New Pasadena Jail and Police Building Rises Above Critics
Every Monday morning for the last six months, Pasadena police Lt. Chris Hagerty has tromped up 153 steps to the top of City Hall’s towering dome and loaded a roll of film into a Super-8 movie camera aimed at the ground below.
The camera, mounted in a waterproof box, automatically snaps a frame every 1 1/2 minutes of the construction site at the southwest corner of Walnut Street and Garfield Avenue.
By March, when the new Pasadena Police Building and Jail is expected to be completed there, Hagerty will have a time-lapse film chronicling virtually every step in the making of the much-heralded facility.
“The building is really starting to take shape now,” said Hagerty, who plans to use the film as part of a cable TV documentary. “When it’s finished, I don’t think there’s going to be anything like it around.”

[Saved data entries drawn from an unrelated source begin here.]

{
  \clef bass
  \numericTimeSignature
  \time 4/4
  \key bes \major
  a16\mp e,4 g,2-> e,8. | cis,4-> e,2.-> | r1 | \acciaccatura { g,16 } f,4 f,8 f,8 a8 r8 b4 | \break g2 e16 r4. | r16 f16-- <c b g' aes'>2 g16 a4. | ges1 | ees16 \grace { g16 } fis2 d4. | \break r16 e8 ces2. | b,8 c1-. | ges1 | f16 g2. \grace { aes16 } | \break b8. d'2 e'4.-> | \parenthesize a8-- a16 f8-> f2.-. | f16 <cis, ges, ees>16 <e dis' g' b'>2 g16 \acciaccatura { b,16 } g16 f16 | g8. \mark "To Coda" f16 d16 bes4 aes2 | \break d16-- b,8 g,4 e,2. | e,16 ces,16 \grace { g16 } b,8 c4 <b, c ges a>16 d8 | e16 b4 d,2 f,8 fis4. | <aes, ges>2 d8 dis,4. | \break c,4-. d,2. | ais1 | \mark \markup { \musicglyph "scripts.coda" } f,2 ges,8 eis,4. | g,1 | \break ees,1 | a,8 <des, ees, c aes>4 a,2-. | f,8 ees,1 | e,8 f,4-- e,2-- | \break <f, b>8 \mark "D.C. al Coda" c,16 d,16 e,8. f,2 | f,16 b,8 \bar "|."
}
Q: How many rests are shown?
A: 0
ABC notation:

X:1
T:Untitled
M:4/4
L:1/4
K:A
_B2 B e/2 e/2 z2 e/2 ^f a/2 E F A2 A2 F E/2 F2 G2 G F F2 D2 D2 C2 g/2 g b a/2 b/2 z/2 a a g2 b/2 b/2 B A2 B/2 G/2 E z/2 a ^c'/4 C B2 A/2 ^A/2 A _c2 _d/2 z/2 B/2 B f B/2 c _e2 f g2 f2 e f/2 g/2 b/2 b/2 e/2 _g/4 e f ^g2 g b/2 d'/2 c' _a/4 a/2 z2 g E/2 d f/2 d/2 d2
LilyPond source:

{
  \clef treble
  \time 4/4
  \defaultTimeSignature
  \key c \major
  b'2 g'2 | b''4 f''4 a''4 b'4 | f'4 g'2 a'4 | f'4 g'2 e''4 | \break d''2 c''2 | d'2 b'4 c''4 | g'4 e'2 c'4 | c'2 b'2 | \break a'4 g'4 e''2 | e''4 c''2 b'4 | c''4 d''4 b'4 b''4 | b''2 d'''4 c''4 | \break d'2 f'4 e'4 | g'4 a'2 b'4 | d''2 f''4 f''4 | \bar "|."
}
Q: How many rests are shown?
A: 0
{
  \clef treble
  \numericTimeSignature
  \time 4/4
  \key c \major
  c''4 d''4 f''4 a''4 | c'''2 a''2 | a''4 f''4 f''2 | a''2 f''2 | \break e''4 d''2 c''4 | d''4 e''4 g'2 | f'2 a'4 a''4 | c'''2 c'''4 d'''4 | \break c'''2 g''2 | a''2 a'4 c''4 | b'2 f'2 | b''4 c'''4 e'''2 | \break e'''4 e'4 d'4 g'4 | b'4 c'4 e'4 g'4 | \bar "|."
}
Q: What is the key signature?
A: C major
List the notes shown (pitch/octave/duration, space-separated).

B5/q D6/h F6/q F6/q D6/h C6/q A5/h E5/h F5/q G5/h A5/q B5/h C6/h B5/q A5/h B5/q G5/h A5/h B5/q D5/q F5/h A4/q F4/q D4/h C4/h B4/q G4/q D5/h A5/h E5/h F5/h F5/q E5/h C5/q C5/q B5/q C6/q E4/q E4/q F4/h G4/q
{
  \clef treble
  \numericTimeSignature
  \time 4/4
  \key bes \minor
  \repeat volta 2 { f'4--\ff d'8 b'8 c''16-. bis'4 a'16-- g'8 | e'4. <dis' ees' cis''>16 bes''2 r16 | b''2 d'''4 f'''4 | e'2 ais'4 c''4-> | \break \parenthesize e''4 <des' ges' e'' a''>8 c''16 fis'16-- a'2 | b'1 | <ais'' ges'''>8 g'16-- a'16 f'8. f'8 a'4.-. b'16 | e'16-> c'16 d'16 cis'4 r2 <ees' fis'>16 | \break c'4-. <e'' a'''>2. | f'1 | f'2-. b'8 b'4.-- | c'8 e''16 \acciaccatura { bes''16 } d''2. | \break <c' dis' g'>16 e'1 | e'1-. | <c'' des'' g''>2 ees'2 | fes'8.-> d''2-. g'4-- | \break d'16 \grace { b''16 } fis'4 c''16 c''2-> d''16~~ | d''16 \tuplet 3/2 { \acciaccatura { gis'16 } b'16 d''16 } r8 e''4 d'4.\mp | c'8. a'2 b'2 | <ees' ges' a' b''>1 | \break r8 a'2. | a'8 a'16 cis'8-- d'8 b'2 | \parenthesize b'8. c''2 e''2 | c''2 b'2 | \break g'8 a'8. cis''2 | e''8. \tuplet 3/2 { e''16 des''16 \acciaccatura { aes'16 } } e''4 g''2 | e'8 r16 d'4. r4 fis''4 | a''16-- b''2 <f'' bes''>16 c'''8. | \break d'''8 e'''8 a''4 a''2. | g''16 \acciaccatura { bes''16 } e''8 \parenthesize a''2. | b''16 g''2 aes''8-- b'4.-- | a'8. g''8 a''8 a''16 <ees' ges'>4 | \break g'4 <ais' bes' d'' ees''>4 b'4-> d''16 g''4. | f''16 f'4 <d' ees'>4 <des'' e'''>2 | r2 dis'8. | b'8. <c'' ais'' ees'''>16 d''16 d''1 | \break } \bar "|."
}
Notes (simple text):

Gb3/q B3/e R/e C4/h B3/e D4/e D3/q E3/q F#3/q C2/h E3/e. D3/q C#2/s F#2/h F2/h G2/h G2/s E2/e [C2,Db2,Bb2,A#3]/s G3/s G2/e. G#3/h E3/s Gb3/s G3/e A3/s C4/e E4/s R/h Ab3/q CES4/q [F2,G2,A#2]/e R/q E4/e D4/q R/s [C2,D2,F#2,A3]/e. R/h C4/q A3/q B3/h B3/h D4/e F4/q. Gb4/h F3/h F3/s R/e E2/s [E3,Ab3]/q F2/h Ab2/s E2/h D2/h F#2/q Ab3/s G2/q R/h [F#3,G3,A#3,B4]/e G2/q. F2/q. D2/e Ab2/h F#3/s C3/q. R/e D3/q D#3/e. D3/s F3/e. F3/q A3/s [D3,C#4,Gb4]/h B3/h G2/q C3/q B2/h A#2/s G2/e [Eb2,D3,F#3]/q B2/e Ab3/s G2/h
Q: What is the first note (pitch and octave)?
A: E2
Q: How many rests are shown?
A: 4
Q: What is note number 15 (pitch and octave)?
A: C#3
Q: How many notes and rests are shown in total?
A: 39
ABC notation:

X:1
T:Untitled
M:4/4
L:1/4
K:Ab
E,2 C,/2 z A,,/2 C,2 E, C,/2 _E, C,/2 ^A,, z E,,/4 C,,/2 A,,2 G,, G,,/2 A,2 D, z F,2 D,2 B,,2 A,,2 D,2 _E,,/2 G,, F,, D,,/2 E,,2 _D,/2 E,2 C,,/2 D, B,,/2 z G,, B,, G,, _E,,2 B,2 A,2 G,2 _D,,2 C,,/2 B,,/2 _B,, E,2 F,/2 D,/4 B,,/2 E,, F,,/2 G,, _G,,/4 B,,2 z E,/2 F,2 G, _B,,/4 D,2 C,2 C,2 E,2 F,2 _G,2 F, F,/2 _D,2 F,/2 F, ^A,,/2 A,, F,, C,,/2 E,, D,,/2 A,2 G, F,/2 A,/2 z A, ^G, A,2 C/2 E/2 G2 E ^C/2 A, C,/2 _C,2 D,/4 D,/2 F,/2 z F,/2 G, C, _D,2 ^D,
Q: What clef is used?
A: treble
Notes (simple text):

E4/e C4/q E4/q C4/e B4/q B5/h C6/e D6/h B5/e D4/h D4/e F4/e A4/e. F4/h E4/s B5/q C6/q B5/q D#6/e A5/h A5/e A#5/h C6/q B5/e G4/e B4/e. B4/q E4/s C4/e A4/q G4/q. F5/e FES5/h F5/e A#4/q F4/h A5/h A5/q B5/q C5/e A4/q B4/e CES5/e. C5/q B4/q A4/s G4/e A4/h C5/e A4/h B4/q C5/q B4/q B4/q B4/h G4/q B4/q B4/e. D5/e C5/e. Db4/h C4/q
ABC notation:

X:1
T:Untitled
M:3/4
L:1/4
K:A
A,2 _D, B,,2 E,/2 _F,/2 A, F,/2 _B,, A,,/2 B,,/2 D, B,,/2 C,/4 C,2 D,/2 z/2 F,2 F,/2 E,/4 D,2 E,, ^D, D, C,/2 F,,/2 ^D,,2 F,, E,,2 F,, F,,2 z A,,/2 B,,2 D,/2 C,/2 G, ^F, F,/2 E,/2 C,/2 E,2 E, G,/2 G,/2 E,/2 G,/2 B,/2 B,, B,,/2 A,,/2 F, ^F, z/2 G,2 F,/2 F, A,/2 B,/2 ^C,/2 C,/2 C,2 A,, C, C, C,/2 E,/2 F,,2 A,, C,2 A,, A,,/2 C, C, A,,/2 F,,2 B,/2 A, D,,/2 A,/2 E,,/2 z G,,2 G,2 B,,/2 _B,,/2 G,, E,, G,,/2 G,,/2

In the three years since Pasadena voters approved a $17-million bond issue to help fund the project, officials have hailed its Spanish flavor and humanistic design as avant-garde departures from the bunker-like structures that have come to typify most police stations.
Members of the city’s Design Review and Cultural Heritage commissions have praised the historical sensitivity of the building. Its beige stucco walls, arched windows and terra cotta tile roof echo the 1920s-era themes of nearby City Hall.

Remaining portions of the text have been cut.